Bhyve can currently emulate two virtual NICs, namely virtio-net and e1000, and
connect to the host network through two backends, namely tap and netmap.
However, there is no interface between virtual NIC functionalities and backend
functionalities. As a result, the backend code is duplicated between the two virtual
NIC implementations and also within the same virtual NIC. Also, e1000 cannot
currently use netmap as a backend.
This patch introduces a network backend API between virtio-net/e1000 and
tap/netmap, to improve code reuse and add missing functionalities.

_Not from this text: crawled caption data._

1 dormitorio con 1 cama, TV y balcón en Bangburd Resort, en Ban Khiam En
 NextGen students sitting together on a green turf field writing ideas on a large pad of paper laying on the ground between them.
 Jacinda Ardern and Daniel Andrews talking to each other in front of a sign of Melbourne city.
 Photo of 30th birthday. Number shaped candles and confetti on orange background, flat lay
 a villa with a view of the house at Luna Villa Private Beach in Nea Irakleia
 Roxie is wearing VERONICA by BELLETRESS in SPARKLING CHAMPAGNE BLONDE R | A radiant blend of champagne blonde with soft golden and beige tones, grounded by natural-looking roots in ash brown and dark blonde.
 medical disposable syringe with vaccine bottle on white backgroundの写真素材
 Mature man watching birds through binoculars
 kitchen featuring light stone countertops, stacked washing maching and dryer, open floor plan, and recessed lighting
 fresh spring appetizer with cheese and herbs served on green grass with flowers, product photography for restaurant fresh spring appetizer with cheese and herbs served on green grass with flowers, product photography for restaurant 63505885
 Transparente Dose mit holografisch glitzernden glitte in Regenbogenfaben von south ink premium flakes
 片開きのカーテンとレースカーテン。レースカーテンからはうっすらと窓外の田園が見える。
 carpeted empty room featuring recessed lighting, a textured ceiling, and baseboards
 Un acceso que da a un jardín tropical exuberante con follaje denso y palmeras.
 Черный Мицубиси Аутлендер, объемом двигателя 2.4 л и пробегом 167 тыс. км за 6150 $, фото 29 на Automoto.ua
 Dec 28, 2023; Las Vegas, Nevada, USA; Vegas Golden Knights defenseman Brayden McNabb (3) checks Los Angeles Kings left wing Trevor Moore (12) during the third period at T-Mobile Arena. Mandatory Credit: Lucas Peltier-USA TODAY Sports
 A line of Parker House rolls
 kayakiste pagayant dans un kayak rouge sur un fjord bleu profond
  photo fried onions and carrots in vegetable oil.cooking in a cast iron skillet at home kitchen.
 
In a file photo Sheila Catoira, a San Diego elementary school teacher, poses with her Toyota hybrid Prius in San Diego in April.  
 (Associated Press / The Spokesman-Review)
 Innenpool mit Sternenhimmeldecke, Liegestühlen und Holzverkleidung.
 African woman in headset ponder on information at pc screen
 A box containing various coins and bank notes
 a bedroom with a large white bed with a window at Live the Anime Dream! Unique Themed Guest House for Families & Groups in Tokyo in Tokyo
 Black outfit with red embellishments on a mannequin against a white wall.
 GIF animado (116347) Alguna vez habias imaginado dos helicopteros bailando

Virtual NICs and backends can negotiate virtio-net features, such as checksum
offload and TSO. If the backend supports the features, it will propagate this
information to the guest, so that the latter can make use of them. Currently,
only netmap VALE ports support the features, but support should be added to
tap in the future.
Details
- Reviewers
jhb bryanv - Group Reviewers
bhyve - Commits
- rS350193: MFC r349803
rS349803: bhyve: abstraction for network backends
Diff Detail
- Lint
Lint Skipped - Unit
Tests Skipped
Event Timeline
I like the idea in general.
usr.sbin/bhyve/net_backends.c | ||
---|---|---|
123 | Most of the comments are correct, but the style would be to put the leading '/*' and trailing '*/' on their own lines. A few other comments in the patch also are not quite correct. | |
209 | FreeBSD's style is to put ()'s around return values, so: return (0); here and elsewhere throughout the patch. | |
258 | I think it would be simpler to just have two backend structs for tap vs vmnet and then you don't need all the parsing logic for handling '|', etc. Just have a single 'prefix' and use simple 'strncmp' matching without needing all the token, etc. Having an extra struct is pretty cheap in exchange for the code simplicity. | |
347 | style(9) also does a 4-space continuation indent. | |
364 | Maybe use strlcpy() instead? | |
405 | Is this really better than using memcpy() directly? Note that memcpy() in libc on both Linux and FreeBSD will use optimized routines for the current CPU. | |
787 | Nit: spaces around '+' | |
usr.sbin/bhyve/pci_e82545.c | ||
1047 | Does 'inline' actually make a difference? I recently found in another patch that clang ignored this and made up its own mind to inline or not. | |
usr.sbin/bhyve/pci_virtio_net.c | ||
319 | This seems unrelated (separate change) and is also odd style). Can you instead move this code to when the thread is being created as I think that is more common in the existing bhyve source? | |
468 | Hmm, the name is already set here? |
Thanks for the in depth review. Sorry about the style issues. Is there a FreeBSD clang-format file against which I can validate code?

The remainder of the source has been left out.